### [ACTION ITEM]
Retype, word for word, every line from the one holding "Back deck attached" through the one holding "Tropical floral arrangement" in the entries below, both included, and only those lines.

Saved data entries
^^^^
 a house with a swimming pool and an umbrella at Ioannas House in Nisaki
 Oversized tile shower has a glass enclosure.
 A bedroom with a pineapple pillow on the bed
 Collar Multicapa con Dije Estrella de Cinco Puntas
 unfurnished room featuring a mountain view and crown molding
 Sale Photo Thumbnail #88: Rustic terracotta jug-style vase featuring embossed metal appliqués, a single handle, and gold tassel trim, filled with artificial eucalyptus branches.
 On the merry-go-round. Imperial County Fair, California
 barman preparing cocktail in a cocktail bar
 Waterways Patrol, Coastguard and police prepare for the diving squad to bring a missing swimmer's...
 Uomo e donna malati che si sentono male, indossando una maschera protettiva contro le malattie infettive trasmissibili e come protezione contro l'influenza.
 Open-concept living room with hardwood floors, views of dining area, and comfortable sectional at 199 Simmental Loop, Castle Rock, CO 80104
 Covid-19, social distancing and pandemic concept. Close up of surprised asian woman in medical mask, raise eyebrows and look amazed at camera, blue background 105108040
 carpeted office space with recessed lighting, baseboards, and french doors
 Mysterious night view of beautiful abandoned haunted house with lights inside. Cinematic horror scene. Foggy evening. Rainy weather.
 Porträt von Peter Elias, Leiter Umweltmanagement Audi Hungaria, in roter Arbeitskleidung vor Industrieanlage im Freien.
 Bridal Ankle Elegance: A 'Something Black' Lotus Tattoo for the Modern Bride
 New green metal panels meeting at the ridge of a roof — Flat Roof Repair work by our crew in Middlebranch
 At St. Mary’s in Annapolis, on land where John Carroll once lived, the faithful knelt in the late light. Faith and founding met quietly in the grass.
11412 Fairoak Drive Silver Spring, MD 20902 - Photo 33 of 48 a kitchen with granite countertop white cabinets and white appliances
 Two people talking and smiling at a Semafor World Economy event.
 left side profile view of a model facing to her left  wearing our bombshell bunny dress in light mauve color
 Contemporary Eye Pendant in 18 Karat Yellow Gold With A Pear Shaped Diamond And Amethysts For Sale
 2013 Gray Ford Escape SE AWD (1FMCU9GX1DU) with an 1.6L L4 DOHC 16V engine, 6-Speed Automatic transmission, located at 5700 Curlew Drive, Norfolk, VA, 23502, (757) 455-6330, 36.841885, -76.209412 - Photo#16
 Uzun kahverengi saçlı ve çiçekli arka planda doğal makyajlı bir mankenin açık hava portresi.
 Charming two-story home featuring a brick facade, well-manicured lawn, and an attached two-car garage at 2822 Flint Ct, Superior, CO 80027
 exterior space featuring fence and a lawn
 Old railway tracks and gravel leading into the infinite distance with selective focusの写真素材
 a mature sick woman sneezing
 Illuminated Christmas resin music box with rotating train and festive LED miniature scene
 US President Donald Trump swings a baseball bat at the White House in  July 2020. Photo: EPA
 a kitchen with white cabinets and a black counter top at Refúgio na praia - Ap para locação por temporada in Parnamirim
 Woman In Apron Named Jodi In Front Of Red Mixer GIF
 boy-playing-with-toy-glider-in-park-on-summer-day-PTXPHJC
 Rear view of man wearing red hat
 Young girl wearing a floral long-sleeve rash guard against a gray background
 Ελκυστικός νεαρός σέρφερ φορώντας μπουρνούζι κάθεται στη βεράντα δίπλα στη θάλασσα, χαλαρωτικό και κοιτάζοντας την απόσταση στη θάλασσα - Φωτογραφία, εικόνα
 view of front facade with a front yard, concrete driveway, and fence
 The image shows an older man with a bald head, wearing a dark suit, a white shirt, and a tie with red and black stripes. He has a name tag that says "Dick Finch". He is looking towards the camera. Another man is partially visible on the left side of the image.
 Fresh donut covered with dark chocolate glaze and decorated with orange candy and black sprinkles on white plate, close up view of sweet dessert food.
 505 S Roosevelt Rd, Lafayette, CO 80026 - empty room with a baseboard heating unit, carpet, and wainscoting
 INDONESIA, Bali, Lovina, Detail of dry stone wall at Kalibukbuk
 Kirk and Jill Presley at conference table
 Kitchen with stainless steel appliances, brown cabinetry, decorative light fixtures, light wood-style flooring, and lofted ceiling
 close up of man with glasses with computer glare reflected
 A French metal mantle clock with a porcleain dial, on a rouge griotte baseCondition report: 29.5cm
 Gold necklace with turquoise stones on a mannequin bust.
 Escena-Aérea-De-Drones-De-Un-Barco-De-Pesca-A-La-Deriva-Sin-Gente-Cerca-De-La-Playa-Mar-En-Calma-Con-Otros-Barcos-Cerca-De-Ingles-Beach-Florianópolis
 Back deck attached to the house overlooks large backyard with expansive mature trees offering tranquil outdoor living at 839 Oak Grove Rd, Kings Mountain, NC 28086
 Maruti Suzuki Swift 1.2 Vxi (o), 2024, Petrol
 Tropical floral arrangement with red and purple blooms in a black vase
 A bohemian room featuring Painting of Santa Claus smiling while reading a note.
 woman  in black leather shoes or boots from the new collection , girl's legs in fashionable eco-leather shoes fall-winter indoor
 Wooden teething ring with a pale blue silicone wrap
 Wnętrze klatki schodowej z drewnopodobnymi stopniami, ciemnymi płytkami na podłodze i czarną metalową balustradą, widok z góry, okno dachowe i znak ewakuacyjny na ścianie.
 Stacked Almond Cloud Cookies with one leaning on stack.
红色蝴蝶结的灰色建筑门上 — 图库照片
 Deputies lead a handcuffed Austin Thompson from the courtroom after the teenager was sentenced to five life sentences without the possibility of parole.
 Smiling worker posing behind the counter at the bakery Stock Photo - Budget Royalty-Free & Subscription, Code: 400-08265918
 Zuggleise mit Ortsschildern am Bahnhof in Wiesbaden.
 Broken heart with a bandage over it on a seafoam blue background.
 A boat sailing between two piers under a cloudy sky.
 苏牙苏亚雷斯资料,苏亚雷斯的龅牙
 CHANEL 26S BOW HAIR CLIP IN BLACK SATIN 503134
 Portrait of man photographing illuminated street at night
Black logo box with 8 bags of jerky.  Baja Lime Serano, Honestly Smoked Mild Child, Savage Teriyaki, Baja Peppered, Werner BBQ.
^^^^
### [EXPECTED ANSWER]
 Back deck attached to the house overlooks large backyard with expansive mature trees offering tranquil outdoor living at 839 Oak Grove Rd, Kings Mountain, NC 28086
 Maruti Suzuki Swift 1.2 Vxi (o), 2024, Petrol
 Tropical floral arrangement with red and purple blooms in a black vase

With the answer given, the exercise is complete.